Sucede lo mismo en la fotografía Ariadne (1857), de Oscar Gustav Rejlander, donde del mito queda apenas lo que sugiere el título. Rejlander refleja lo que sospechamos fuera íntimo sinvivir cotidiano de su mundo victoriano. Para superar esa pesada agonía de puritanismo anglosajón, lo tizianesco se transforma en nostalgia necesaria, fluyente aquí en un posar de posaderas y espaldas que remite —según subraya la glosa del Metropolitan— al maestro de la escuela veneciana en su Venus y Adonis. La modelo de Rejlander está recostada sobre artilugio artificioso que, cubierto por los pliegues de un par de colchas, remeda la peña donde penó Ariadna, momento que contemplamos sorprendido por Tiziano en Baco y Ariadna. El gesto desolado de la cabeza femenina sostenida por la mano, gesto que Rejlander ha ordenado para captar luego sabiamente, sugiere parte de ese dolor, imposible de apreciar en el rostro hurtado de la mujer. Todo un acierto de perspectiva que fuerza a la participación del disminuido observador.
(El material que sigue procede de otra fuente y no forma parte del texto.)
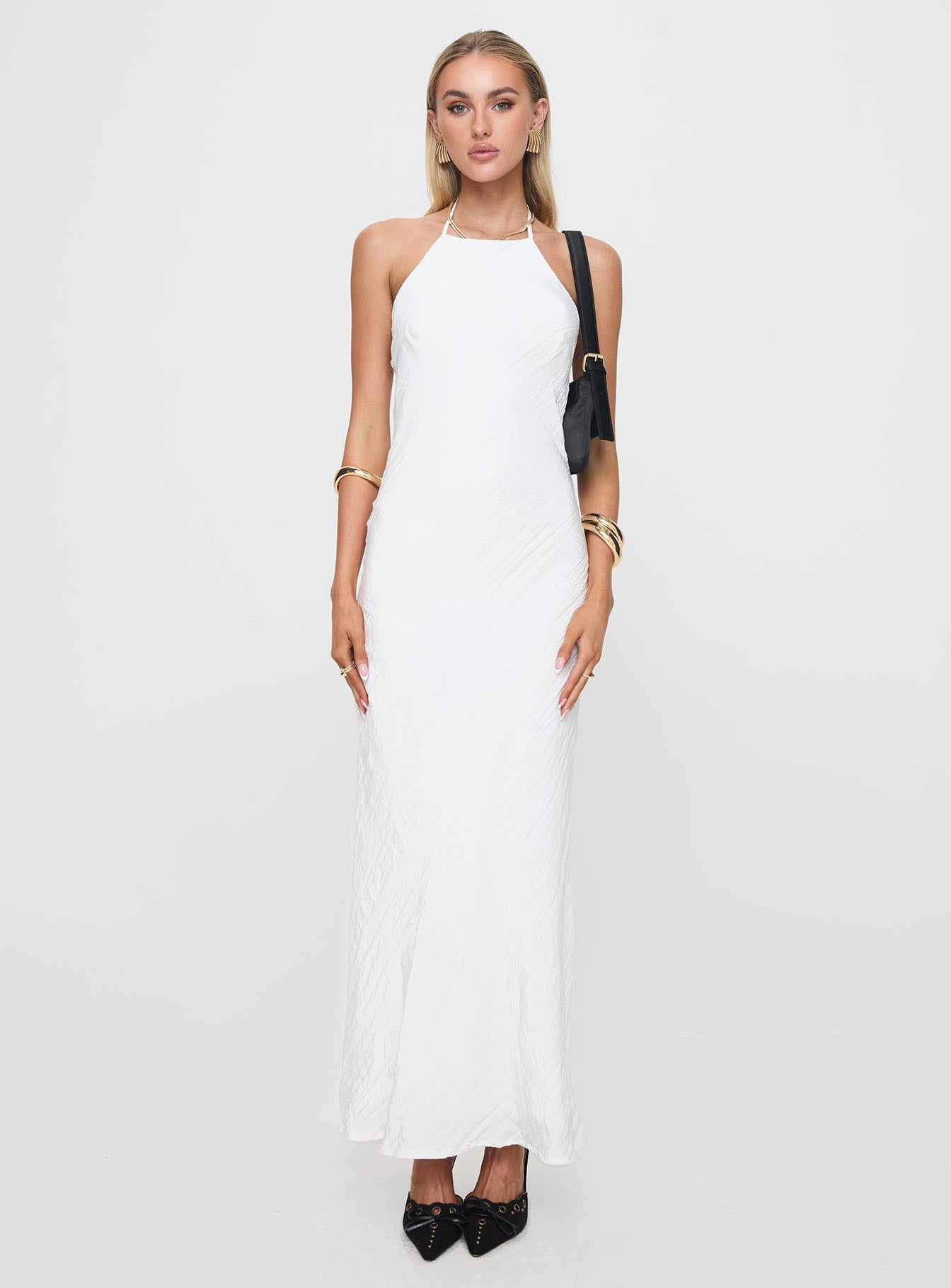 Just Peachy Maxi Dress White、mySite、solidvoid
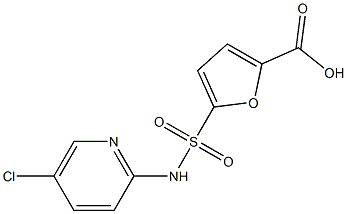  5-[(5-chloropyridin-2-yl)sulfamoyl]furan-2-carboxylic acid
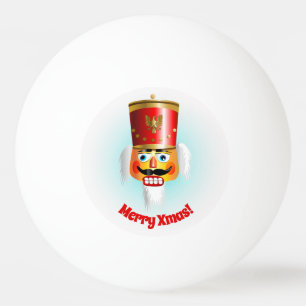 Bolinha De Ping Pong Nutcracker engraçado do Xmas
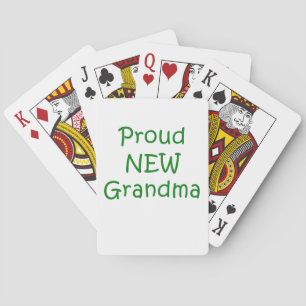 Jeu De Cartes Fière nouvelle grand-mère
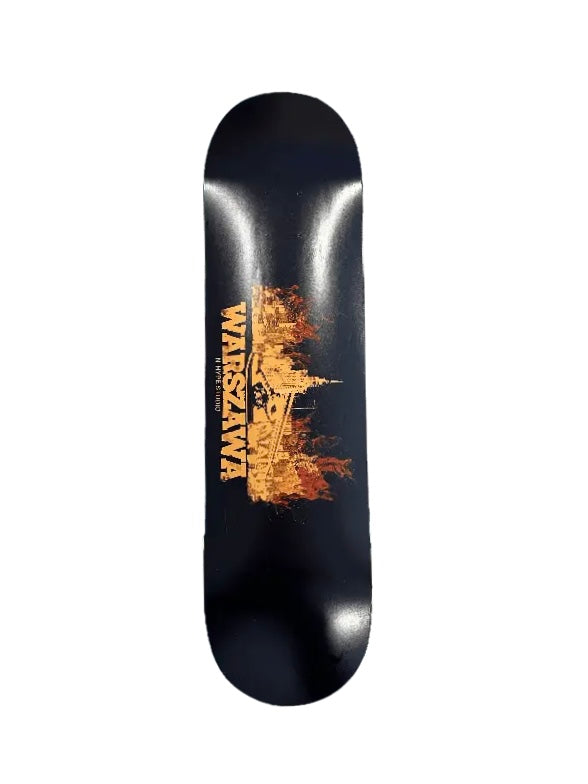 N-Hype Studio Skate Deck / Blat do deskorolki  Warszawa City Pack Orange Flame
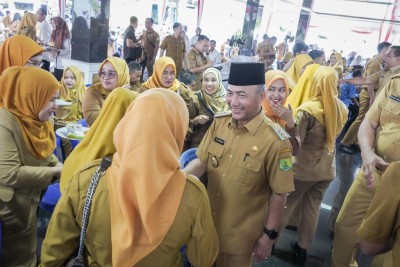 Pj. Bupati Apriyadi Pimpin Langsung Apel…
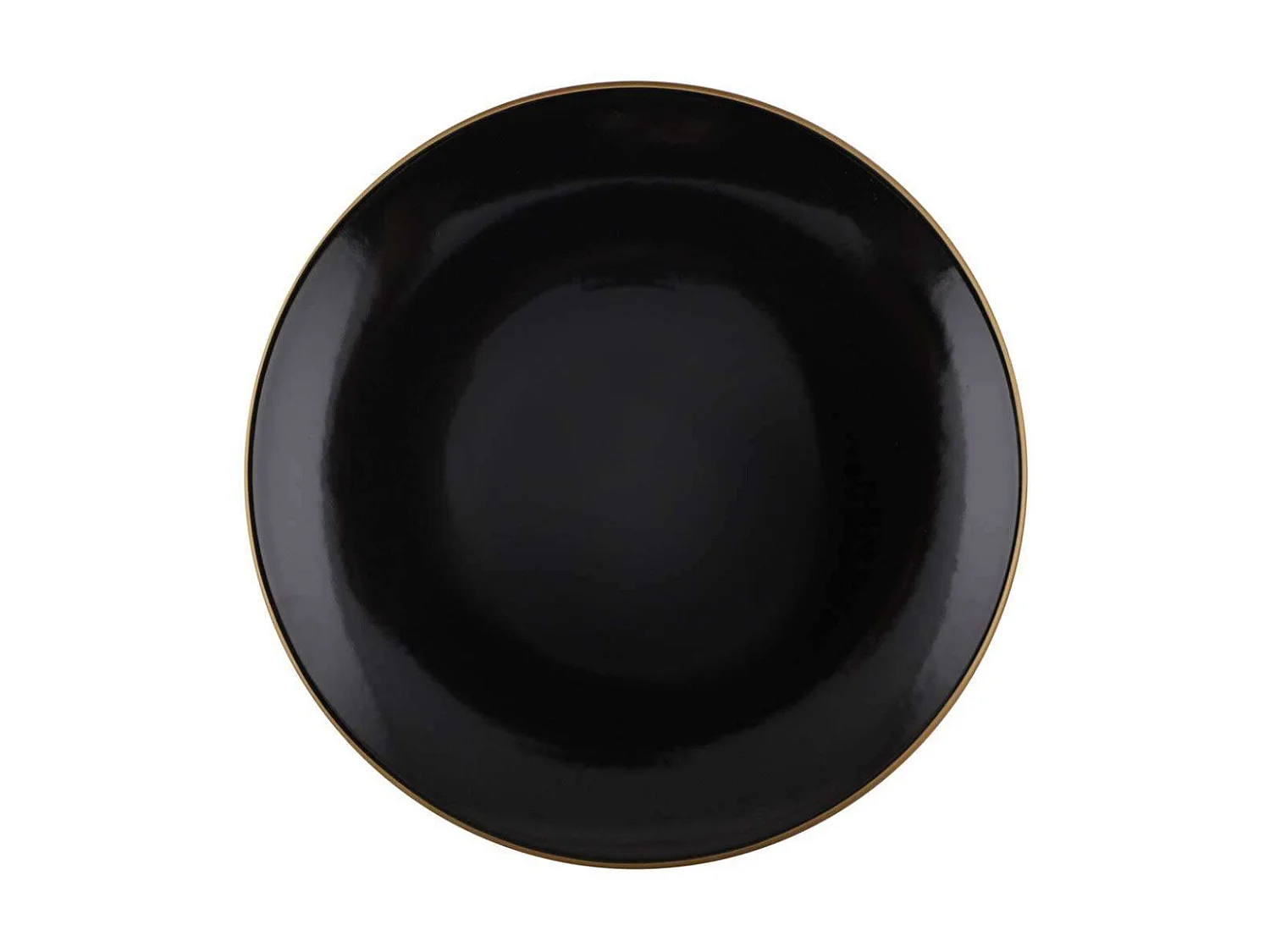 Service de table 24 pièces Erve Céramique Noir et lisère Or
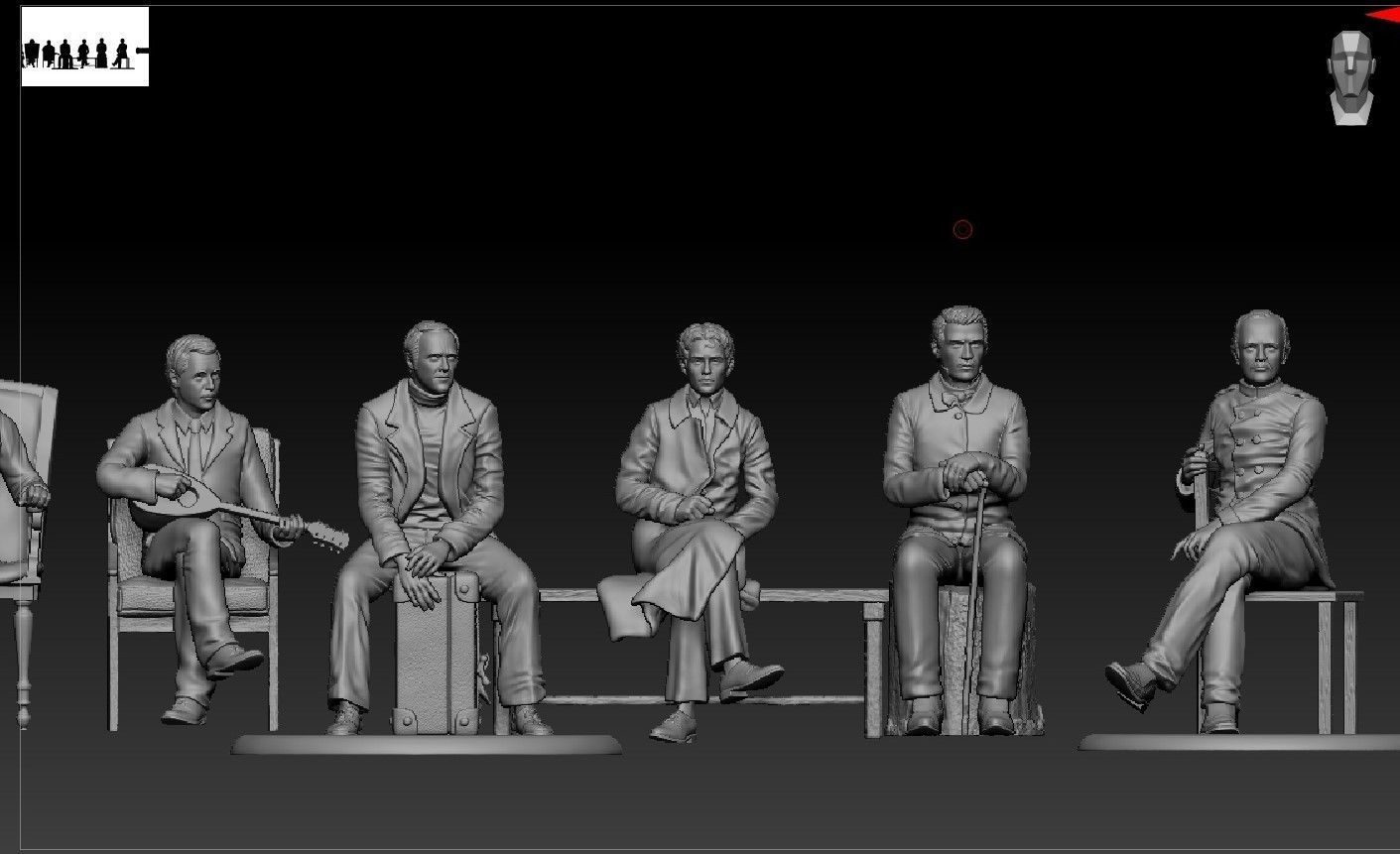 Russian writer poet Fyodor Dostoevsky 3D print model_8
Baco y Ariadna no ha cesado de dejar rastros. George Warner Allen presenta, en The Return from Cythera, 1985-1986 (Londres, Tate), una estampa pequeñoburguesa de picnic ocioso, o liberal esparcimiento, que quisiera remitir con el desnudo de primer plano y los arrumacos de fondo a la patria de Venus, la isla Citerea azotada por la espuma bravía. Del mar y la mar. Al comentar este óleo, la Tate Gallery lo enlaza con un cuadro «full of references to sexual desire», Pèlerinage à l’île de Cythère (1717), de Jean-Antoine Watteau (París, Louvre), que sin embargo me parece, aun con su aquel de agreste, la típica y fría versallización anodina de un dechado prestigioso: la potente épica mítica y telúrica reducida a la gala y galante anacreóntica. Resalta la glosa de la Tate que tanto Watteau como Allen montaron sus escenas sobre el molde paisajístico y colorista del Baco y Ariadna tizianesco. Es verdad, y en Allen se aprecia muy especialmente. Empero, ambos despreciaron de su inspirador el dramatismo y el perrillo. Así que los dejaremos al margen. Más que nada porque, en este paréntesis sin canes, necesario para notar la presencia constante de la ecuación Tiziano y sus derivadas en el arte visual de los siglos XIX y XX, hemos de llegar a nuestro enigmático y poderoso Goya.
Que, contrariamente a Watteau, supo despojarse del blandito idilio dieciochesco y costumbrista para sondear fuerzas en verdad fantásticas.